Wer hat Schuld, wenn ein technisch autonomes System Schaden anrichtet? Kann man die Autonomie technischer Systeme mit unserer menschlichen Freiheit vergleichen? Im Rahmen der Forschungskonferenz, die Anfang Juni in Sankt Augustin stattgefunden hat, beschäftigte sich der Leiter des Fraunhofer Instituts für Trendanalysen, Michael Lauster, mit diesen Fragen.

„Technische Systeme sind nichts anderes als Werkzeuge“, lautete Lausters Fazit nach seinem halbstündigen Vortrag. Es seien Menschen, die jene Systeme konstruieren und auch sie würden sagen, wie die Systeme einzusetzen sind. „Zumindest noch“, so Lauster. Ob wir jemals frei handelnde künstliche Intelligenzen unter uns haben werden oder wie schnell das gehen wird, sei ungeklärt und in der Forschung umstritten.

Roboter im Mittelalter

Begonnen hatte der Zukunftsforscher mit einer Sage: Den ersten autonomen ‘Roboter’ habe es mit dem Golem, einem künstlichen Wesen aus Lehm, bereits im frühen Mittelalter gegeben. Genau wie damals stecke auch heute eine Urangst in uns, dass sich unsere Schöpfungen gegen uns wenden könnten. So wie bei ‘HAL9000’, dem fiktiven Computer des Raumschiffs ‘Discovery’ aus dem Film ‘2001: Odyssee im Weltraum’. Ein von Menschen konstruiertes Wesen gerät außer Kontrolle, begeht Unrecht. „Was HAL so interessant macht für Computerpsychologen, ist die Tatsache, dass er deswegen durchgedreht ist, weil man ihn zum Lügen veranlasst hat“, erklärte Lauster. Es gebe immer zwei Fragen zu klären: Die Frage des Unrechts und die Frage der Schuld.

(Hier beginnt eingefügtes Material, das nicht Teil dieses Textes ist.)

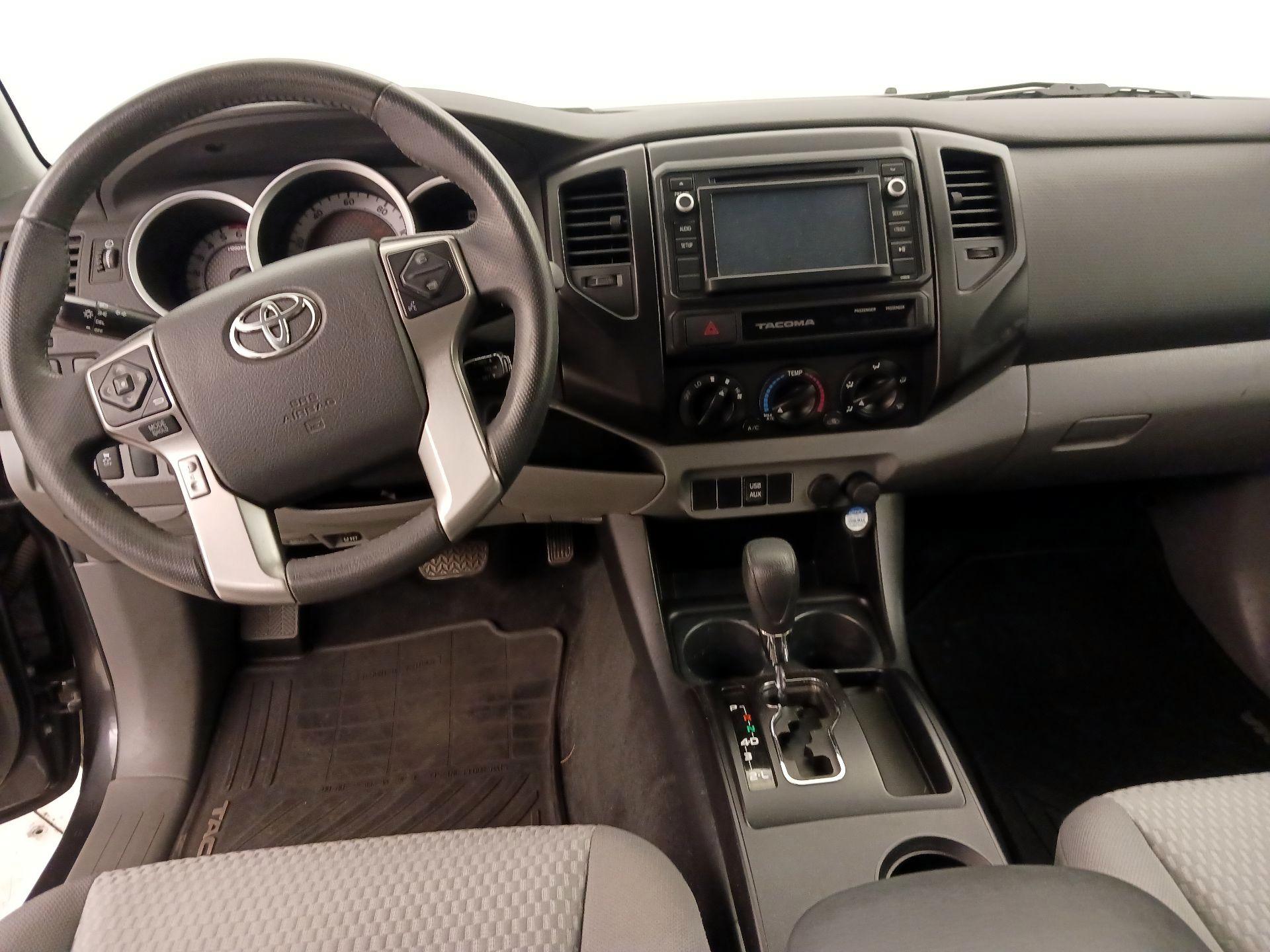 Thumbnail: 2015 Toyota Tacoma - 9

Technische Autonomie vs. Menschliche Autonomie

„Stellen Sie sich einen Computer mit einem festen Programm vor. Er hat überhaupt keine Chance zu entscheiden, ob er etwas tun will oder nicht. Er folgt seinem Programm. Also ist die Frage, ob das jetzt gut oder böse ist, was er da gerade getan hat, vollkommen unsinnig.“ Mit dem Beispiel verdeutlichte der Redner, dass Gut und Böse Kategorien seien, in die man autonome Lebewesen einordne. Menschliche Autonomie bedeute die Freiheit, sich eigene Ziele zu setzen und die Mittel zu wählen, diese Ziele in die Tat umzusetzen, wurde Kant zitiert. Technische Autonomie dagegen bedeute immer eine Freiheit in Bezug auf etwas Bestimmtes und unter Rahmenbedingungen, die man nicht erwähne. „Das heißt ein technisches System kann durchaus bestimmte Dinge tun, ohne dass sofort ein Mensch eingreifen muss”, stellte Lauster klar. Aber die Grenzen lege der Mensch fest.

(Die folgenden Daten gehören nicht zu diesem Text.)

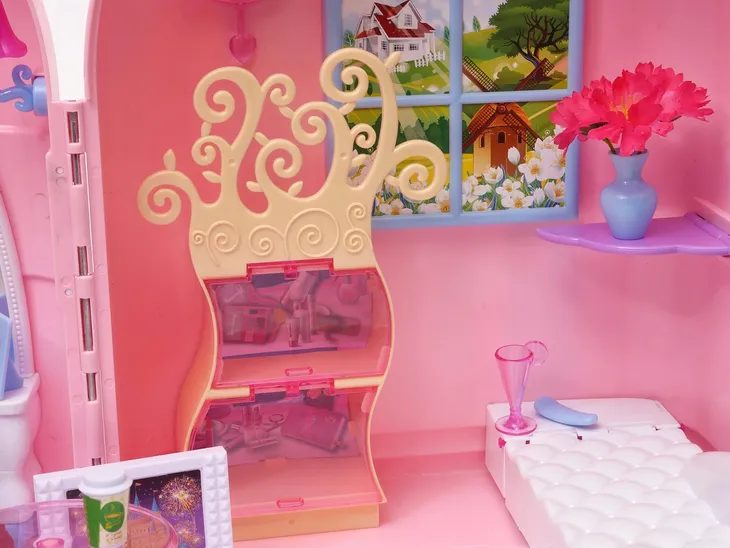 domek-dla-lalek-dromader-plec-dziewczynki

Schwache Intelligenz vs. starke Intelligenz

„Aber ist es vielleicht doch möglich, dass technische Systeme eine Autonomie entwickeln können, wie man sie uns zuschreibt?“, sprach Lauster eine Frage aus, die auf den Gesichtern vieler Studierender zu lesen war. „Voraussetzung für Autonomie ist Intelligenz“, versuchte Lauster sich an seiner eigenen Frage. Und im Bereich der Technik gebe es eine klare Unterscheidung zwischen schwacher und starker Intelligenz. „Wir haben noch keine Maschine, die tatsächlich intelligent ist.“ Bisher gebe es ausschließlich Systeme wie Siri oder Alexa, die menschliche Intelligenz simulieren würden. Das wird als schwache Intelligenz bezeichnet. Und wenn man es erst schaffe unser Gehirn nachzubilden, würden sich die nächsten Fragen stellen: Wie kommt unser Bewusstsein zustande? Könnte so ein System tatsächlich auch empathisch sein? – „Das weiß man nicht“, bekannte Lauster.